“All right.”

The holster was near enough to the side for me to get the pistol out of it without getting blood on my hands, but the spare magazines were on the other side of the belt, and I knew that I would have to turn the body over to get at them. There was a sound of footsteps in the corridor. We hurried back to the bedroom and I slipped the pistol into a drawer with the shirts on top of it.

The guards had a simple way of moving the body. They rolled it on to a mat that they had taken out of the living room and dragged it away. As they went, they made jokes about Roda’s plumpness. They seemed in excellent spirits. In one respect, at least, Sanusi’s officers had been successful; they had managed to conceal the truth about their predicament from the unfortunate rank and file.

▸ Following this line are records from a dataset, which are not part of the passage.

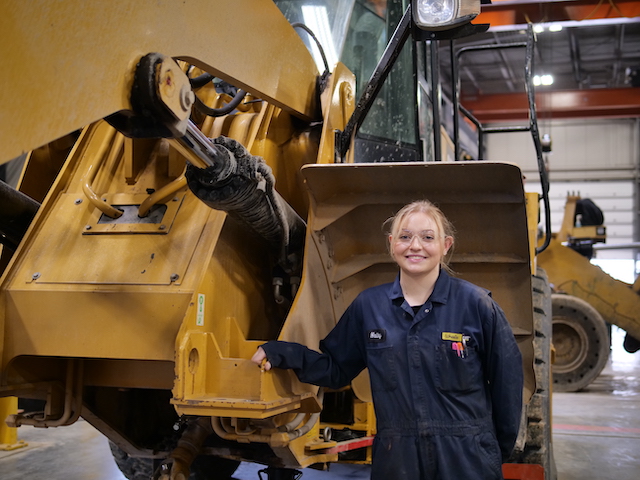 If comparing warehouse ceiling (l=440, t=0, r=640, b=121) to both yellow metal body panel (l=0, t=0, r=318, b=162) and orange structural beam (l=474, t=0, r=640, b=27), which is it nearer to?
orange structural beam (l=474, t=0, r=640, b=27)

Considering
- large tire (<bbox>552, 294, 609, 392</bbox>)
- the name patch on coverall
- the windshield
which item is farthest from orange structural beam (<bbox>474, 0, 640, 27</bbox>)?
the name patch on coverall

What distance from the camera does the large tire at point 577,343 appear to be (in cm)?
833

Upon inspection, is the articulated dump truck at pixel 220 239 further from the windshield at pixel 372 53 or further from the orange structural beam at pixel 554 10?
the orange structural beam at pixel 554 10

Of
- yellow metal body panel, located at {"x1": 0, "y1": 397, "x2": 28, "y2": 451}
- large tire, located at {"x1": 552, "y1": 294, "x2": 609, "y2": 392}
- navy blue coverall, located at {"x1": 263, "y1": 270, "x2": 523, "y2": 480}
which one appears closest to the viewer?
navy blue coverall, located at {"x1": 263, "y1": 270, "x2": 523, "y2": 480}

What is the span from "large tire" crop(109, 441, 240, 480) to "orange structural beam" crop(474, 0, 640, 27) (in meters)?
8.62

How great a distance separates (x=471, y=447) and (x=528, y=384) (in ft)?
2.91

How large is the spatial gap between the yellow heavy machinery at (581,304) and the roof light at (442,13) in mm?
6618

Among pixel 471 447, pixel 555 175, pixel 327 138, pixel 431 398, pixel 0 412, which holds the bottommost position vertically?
pixel 0 412

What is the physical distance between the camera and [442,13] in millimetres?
2408

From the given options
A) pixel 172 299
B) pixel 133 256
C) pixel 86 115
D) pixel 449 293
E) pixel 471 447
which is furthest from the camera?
pixel 133 256

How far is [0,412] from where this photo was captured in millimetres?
5703

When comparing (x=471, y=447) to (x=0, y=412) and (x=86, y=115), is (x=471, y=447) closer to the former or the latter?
(x=86, y=115)

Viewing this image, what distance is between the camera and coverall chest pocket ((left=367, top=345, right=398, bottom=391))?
2113mm

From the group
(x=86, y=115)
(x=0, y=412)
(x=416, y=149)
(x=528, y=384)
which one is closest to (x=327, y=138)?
(x=416, y=149) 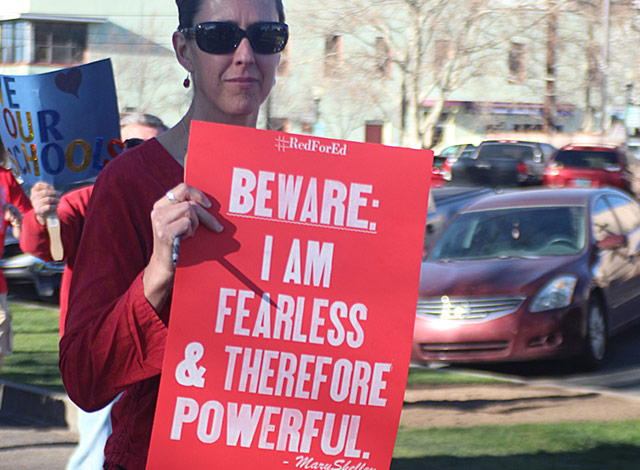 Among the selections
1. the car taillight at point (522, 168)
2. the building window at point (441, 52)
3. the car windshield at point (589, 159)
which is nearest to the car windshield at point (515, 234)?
the car windshield at point (589, 159)

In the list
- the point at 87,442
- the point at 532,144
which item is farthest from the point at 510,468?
the point at 532,144

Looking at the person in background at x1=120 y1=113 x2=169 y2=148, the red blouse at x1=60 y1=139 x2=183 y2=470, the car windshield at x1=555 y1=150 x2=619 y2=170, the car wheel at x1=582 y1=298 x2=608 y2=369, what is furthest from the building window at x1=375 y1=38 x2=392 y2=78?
the red blouse at x1=60 y1=139 x2=183 y2=470

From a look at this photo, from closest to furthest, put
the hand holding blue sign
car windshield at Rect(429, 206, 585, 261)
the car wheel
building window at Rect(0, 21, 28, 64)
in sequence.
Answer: the hand holding blue sign → the car wheel → car windshield at Rect(429, 206, 585, 261) → building window at Rect(0, 21, 28, 64)

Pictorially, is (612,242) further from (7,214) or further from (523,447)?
(7,214)

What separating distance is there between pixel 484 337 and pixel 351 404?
22.0ft

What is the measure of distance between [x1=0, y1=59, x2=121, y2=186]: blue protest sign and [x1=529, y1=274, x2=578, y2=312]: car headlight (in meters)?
5.21

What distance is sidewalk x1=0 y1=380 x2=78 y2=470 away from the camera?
607 centimetres

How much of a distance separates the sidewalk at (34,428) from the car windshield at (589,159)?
22199 mm

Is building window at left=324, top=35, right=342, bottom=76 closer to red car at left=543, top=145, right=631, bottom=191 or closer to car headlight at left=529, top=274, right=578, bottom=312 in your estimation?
red car at left=543, top=145, right=631, bottom=191

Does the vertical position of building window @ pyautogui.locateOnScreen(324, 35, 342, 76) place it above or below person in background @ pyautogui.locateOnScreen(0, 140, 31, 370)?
above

When they had gone, I got a flashlight out of my suitcase and examined the pistol. It had a full magazine in it and there was a round in the breech. Rosalie watched intently, and when I had unloaded it to make sure that I knew how it worked, she asked if she might handle it.

The possession of the pistol obviously pleased her a great deal more than it pleased me. I remembered how, when I had wakened her the first night, thinking that there were thieves getting into the apartment, her first thought had been to ask if I had a revolver.

When I had shown her how to load and fire it and had explained the safety catch, I thought that I had better try to modify her enthusiasm for the thing.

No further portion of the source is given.